安田 靫彦(やすだ ゆきひこ、本名:安田 新三郎、1884年〈明治17年〉2月16日 - 1978年〈昭和53年〉4月29日)は、大正から昭和期にかけての日本画家、能書家。東京美術学校教授。東京府出身。日本芸術院会員。文化勲章受章。文化功労者。
靫彦は前田青邨と並ぶ歴史画の大家で、青邨とともに焼損した法隆寺金堂壁画の模写にも携わった。「飛鳥の春の額田王」「黎明富士」「窓」はそれぞれ1981年、1986年、1996年に切手に用いられた。良寛の書の研究家としても知られ、良寛の生地新潟県出雲崎町に良寛堂を設計した。また靫彦自らも皇居新宮殿千草の間に書、『万葉の秀歌』を揮毫した。

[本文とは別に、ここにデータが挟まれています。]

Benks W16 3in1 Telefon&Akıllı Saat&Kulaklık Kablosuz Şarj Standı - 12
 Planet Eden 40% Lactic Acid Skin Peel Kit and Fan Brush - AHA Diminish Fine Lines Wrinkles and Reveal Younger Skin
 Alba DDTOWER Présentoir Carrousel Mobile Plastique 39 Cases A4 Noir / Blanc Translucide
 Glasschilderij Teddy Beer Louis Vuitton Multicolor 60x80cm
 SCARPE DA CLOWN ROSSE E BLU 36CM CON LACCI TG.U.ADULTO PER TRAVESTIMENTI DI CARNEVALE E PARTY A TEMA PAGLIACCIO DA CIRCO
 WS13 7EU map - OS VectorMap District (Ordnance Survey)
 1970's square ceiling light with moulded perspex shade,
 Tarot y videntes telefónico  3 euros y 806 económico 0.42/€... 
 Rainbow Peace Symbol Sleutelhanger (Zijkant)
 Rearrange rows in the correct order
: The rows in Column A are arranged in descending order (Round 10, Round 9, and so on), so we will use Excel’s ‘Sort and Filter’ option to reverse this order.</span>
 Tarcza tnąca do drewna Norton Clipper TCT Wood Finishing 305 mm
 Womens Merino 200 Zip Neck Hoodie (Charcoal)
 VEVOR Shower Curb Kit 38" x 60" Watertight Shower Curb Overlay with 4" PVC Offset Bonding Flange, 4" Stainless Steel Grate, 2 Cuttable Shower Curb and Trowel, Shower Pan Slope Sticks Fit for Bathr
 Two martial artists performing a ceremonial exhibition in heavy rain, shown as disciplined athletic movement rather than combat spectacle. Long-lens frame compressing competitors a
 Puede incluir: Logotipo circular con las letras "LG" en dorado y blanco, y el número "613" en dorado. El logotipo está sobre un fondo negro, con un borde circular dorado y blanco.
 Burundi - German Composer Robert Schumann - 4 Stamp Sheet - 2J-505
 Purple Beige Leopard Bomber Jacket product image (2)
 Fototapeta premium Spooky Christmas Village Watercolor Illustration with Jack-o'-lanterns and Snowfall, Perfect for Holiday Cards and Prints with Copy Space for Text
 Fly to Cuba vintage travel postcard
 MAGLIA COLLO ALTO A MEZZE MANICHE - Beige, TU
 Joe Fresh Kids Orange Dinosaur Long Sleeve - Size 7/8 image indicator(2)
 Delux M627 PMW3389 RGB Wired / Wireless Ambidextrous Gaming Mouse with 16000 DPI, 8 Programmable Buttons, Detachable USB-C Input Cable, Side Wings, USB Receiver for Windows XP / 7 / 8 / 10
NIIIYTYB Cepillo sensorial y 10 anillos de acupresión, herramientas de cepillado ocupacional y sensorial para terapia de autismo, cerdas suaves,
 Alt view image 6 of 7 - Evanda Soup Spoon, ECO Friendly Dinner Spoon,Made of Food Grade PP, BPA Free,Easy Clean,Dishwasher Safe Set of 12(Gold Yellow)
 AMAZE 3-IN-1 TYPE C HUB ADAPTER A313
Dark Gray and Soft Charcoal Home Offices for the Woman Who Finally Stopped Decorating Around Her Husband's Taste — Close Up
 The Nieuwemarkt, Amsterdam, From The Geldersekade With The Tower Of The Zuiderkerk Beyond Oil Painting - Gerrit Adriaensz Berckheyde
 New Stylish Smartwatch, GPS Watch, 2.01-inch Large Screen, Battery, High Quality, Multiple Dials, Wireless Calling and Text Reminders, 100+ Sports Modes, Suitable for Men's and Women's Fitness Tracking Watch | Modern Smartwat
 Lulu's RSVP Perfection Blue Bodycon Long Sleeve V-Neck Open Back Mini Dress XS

靫彦は1884年、東京日本橋の料亭「百尺」の四男として生まれた。1897年、帝室博物館で法隆寺金堂壁画等の模写を見、日本絵画協会絵画共進会にて横山大観、菱田春草、小堀鞆音らの作品に感動し、画業を決意した。1898年より小堀鞆音に師事する。青邨らと共に紫紅会(後、偶々同じ「紫紅」を名乗っていた今村紫紅も参加し紅児会)を結成、東京美術学校に進むも中退した。後に岡倉覚三(天心)に認められ、1907年に日本美術院に招かれた。院展の初回より作品を出品し、再興院展にても尽力。肺病に悩まされながらも晩年まで制作を続けた。1974年(昭和49年)の『鞍馬寺参籠の牛若』が靫彦の院展出品の最後になった。 1978年神奈川県大磯町にて没し、墓所は大磯の大運寺にある。
1934年(昭和9年)12月3日帝室技芸員となる[1]。1935年から多摩美術大学美術学部で教授、顧問として教えていた。[2][3]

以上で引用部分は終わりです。